The only odd thing I'm seeing now is it animates indeterminately until completedUnitCount is set to a new value. In this example, that happens after just 1 second, so the switch from indeterminate to determinate looks janky. I set total to 100 and completed to 0 when the task starts, but it animates indeterminately until completedUnitCount is set to 1. If I set completed to 1 from the beginning, it animates indeterminately until completed is set to 2 (even if it gets set to 1 again).

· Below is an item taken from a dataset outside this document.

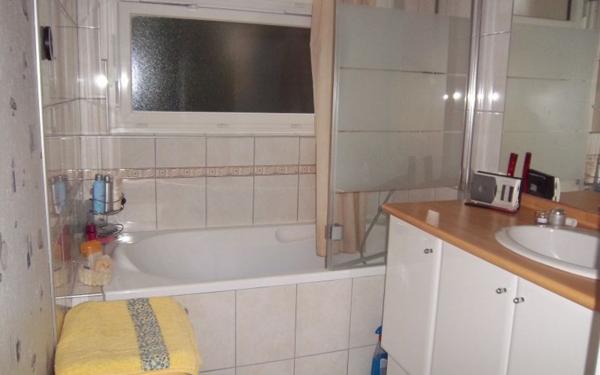 Appartement à vendre    3 pièces • 62 m2 Saint-Aubin-lès-Elbeuf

Any ideas to prevent the indeterminate state always show determinate progress?

The only odd thing I'm seeing now is that it animates indeterminately until completedUnitCount is set to a new value.

I believe this was basically an "aesthetic" design choice intended to minimize the fairly common issue where initial setup delays mean that progress stalls briefly at "just starting", THEN starts moving at a steadier clip (as your app actually starts doing work).

Any ideas to prevent the indeterminate state from always showing determinate progress?

I'm not afraid of applying a bit of brute force, so I'd probably set it to "0" then set it to "1". You can also set totalUnitCount to "101" if you don't like how that "loses" a number. I'll also note that the "correct" value for totalUnitCount is often better determined by how well you can divide up your progress and what results in "smooth" looking progress, NOT "the work your actually doing".

This is very much a situation where everything is made up and the points don't matter.

__
Kevin Elliott
DTS Engineer, CoreOS/Hardware

Thanks for all your help Kevin! Really appreciate it, this will be a nice upgrade for my app.